I am working with some US govt data which has a lengthy list of cities and zip codes. After some work, the data is in the following format.
dat1 = data.frame
It helps to store the data as characters, not factors:
dat2 <- data.frame(keyword=c("Bremen", "Brent", "50143", "Chelsea, AL",
"Bailytown, Alabama", "52348", "54023", "54024"),
tag=c(rep("AlabamCity",2), rep("AlabamaCityST",2),
rep("AlabamaCityState",2), rep("AlabamaZipCode",2)),
stringsAsFactors = FALSE) ## note this bit
Now we can convert keyword to numeric, and if it isn't a number in character format, we get an NA:
want <- with(dat2, as.numeric(keyword))
which gives us this:
> (want <- with(dat2, as.numeric(keyword)))
[1] NA NA 50143 NA NA 52348 54023 54024
Warning message:
In eval(expr, envir, enclos) : NAs introduced by coercion
You can ignore the warning or suppress it, but don't use this casually as it can mask problems:
suppressWarnings(want <- with(dat2, as.numeric(keyword)))
The final step is to select the elements of want that are not NA and have keyword equal to "AlabamaZipCode", which we do using &:
(!is.na(want) & (dat2$tag != "AlabamaZipCode"))
That selects the rows we don't want, so we need to negate the above, turning TRUE to FALSE and vice versa:
!(!is.na(want) & (dat2$tag != "AlabamaZipCode"))

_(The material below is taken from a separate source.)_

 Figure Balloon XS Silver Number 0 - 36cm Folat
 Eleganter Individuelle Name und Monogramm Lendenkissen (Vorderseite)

Putting this together we have:
dat2[!(!is.na(want) & (dat2$tag != "AlabamaZipCode")), ]
which gives:
> dat2[!(!is.na(want) & (dat2$tag != "AlabamaZipCode")), ]
keyword tag
1 Bremen AlabamCity
2 Brent AlabamCity
4 Chelsea, AL AlabamaCityST
5 Bailytown, Alabama AlabamaCityState
7 54023 AlabamaZipCode
8 54024 AlabamaZipCode
Full solution is:
want <- with(dat2, as.numeric(keyword))
dat2[!(!is.na(want) & (dat2$tag != "AlabamaZipCode")), ]